GOAL OF THE EXERCISE:
Could you write out, exactly as they stand, only the lines in the listing below from the line with "Corydoras CW037 Steckbrief" to the line with "Photo of Black Jack", both ends included, without the pictures?

RECORDS:

================

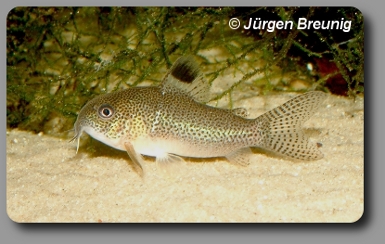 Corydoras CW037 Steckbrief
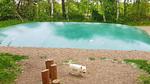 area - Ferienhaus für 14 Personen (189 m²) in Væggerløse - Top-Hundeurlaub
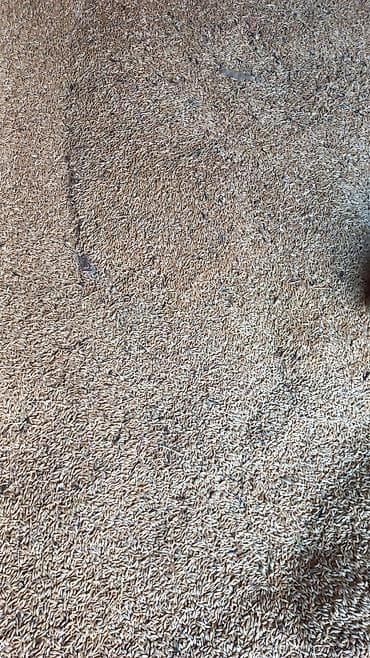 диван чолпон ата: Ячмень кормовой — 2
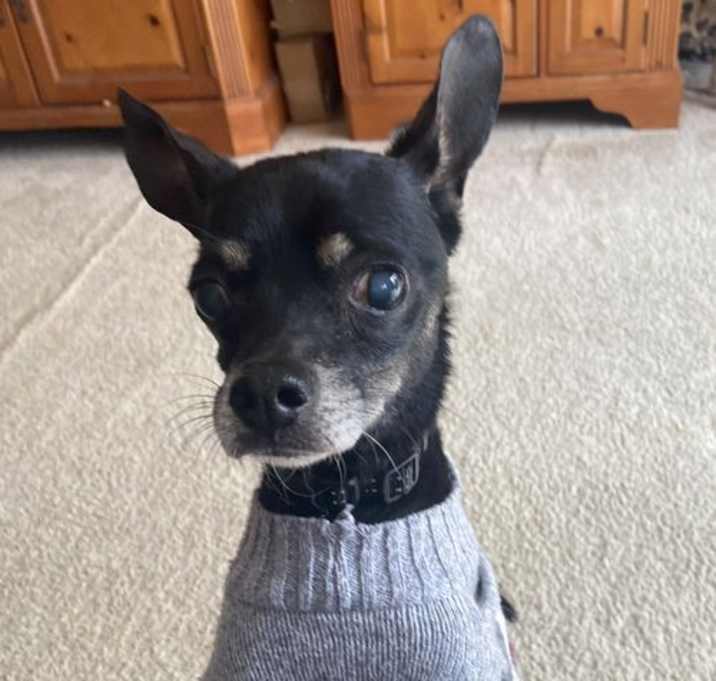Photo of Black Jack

================

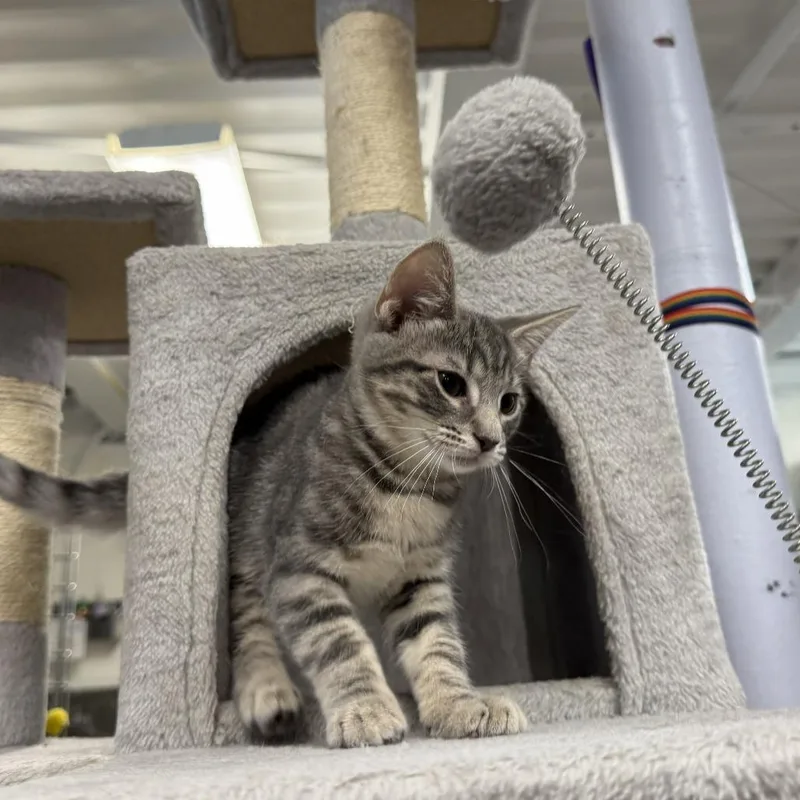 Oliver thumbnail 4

================

TASK RESULT:
 Corydoras CW037 Steckbrief
 area - Ferienhaus für 14 Personen (189 m²) in Væggerløse - Top-Hundeurlaub
 диван чолпон ата: Ячмень кормовой — 2
Photo of Black Jack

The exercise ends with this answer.